◆ Exercise directions
Set out exactly, and only, the lines running from the one containing "ASICS gel-nyc GEL-NYC BEIGE/ROSE DAMES" to the bottom of the listing below; pictures stay out.

(Data excerpt)

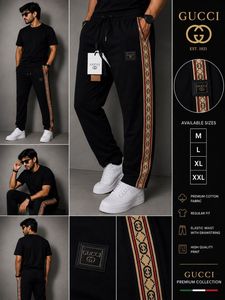 Gucci Track Pants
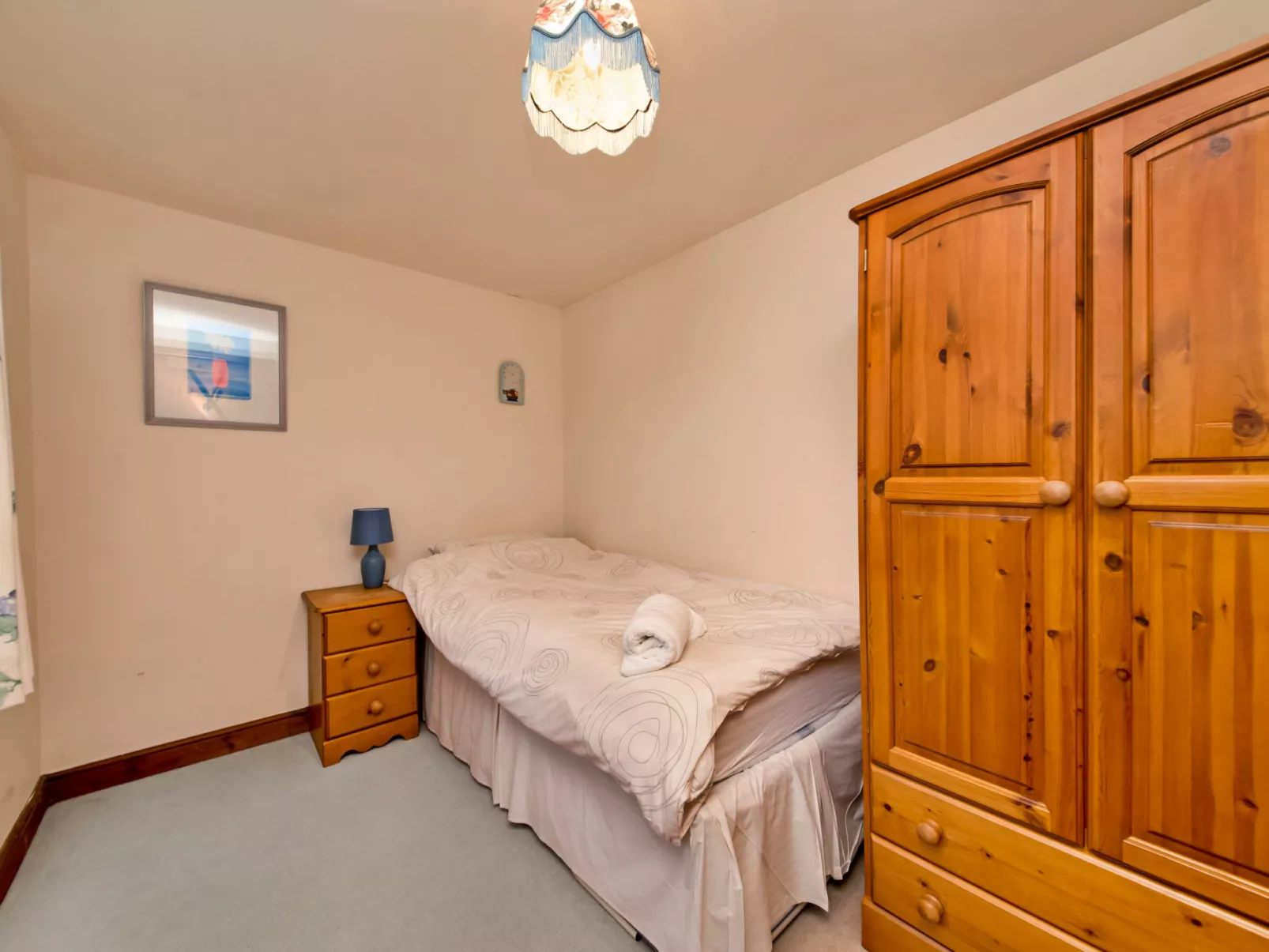 The Shires at Alstonefield-Binnen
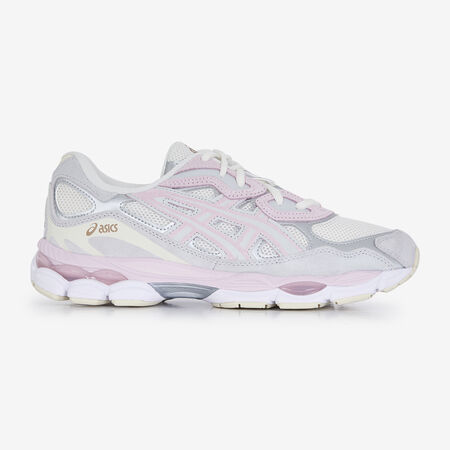 ASICS gel-nyc GEL-NYC BEIGE/ROSE DAMES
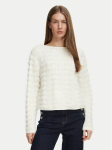 Guess Kampsun W6BR59 Z1564 Kreemjas Regular Fit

(End Data excerpt)

◆ Answer for the task
 ASICS gel-nyc GEL-NYC BEIGE/ROSE DAMES
 Guess Kampsun W6BR59 Z1564 Kreemjas Regular Fit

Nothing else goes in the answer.